• [DATASET EXCERPT]:
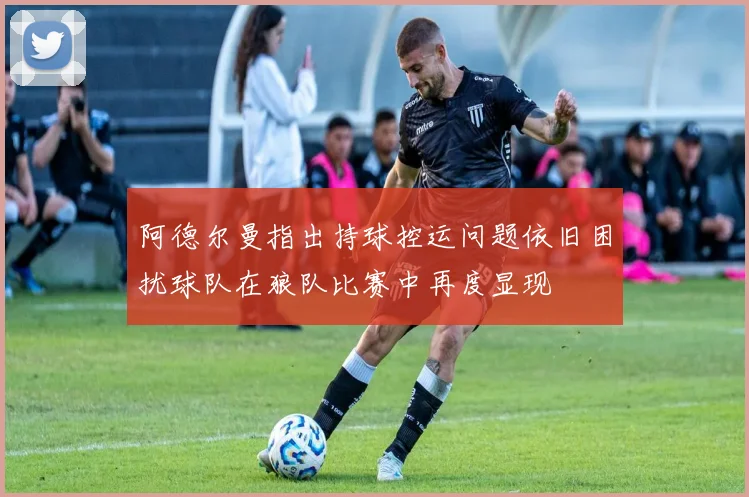 阿德尔曼指出持球控运问题依旧困扰球队在狼队比赛中再度显现
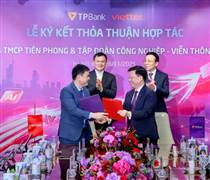 Hợp tác chiến lược thúc đẩy chuyển đổi số toàn diện giữa TPBank và Viettel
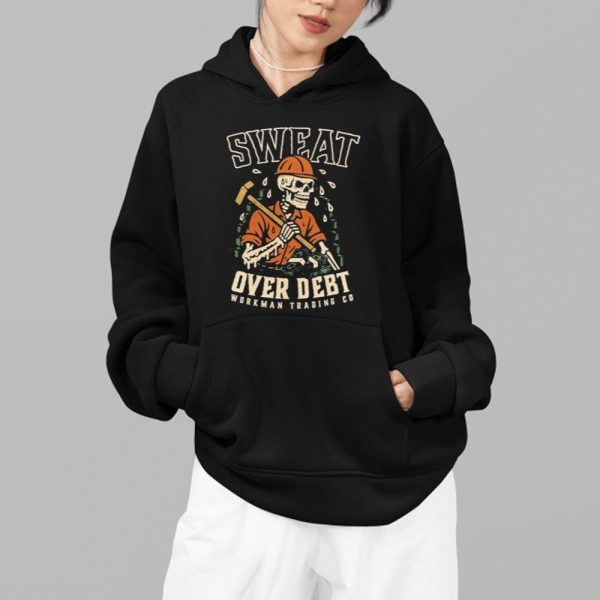 Sweat Over Debt Skeleton Shirt 2 1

• [AIM OF THE TASK]:
Nothing but the pictures may be dropped as you repeat the listing above exactly.

• [OUTPUT FOR THIS EXERCISE]:
 阿德尔曼指出持球控运问题依旧困扰球队在狼队比赛中再度显现
 Hợp tác chiến lược thúc đẩy chuyển đổi số toàn diện giữa TPBank và Viettel
 Sweat Over Debt Skeleton Shirt 2 1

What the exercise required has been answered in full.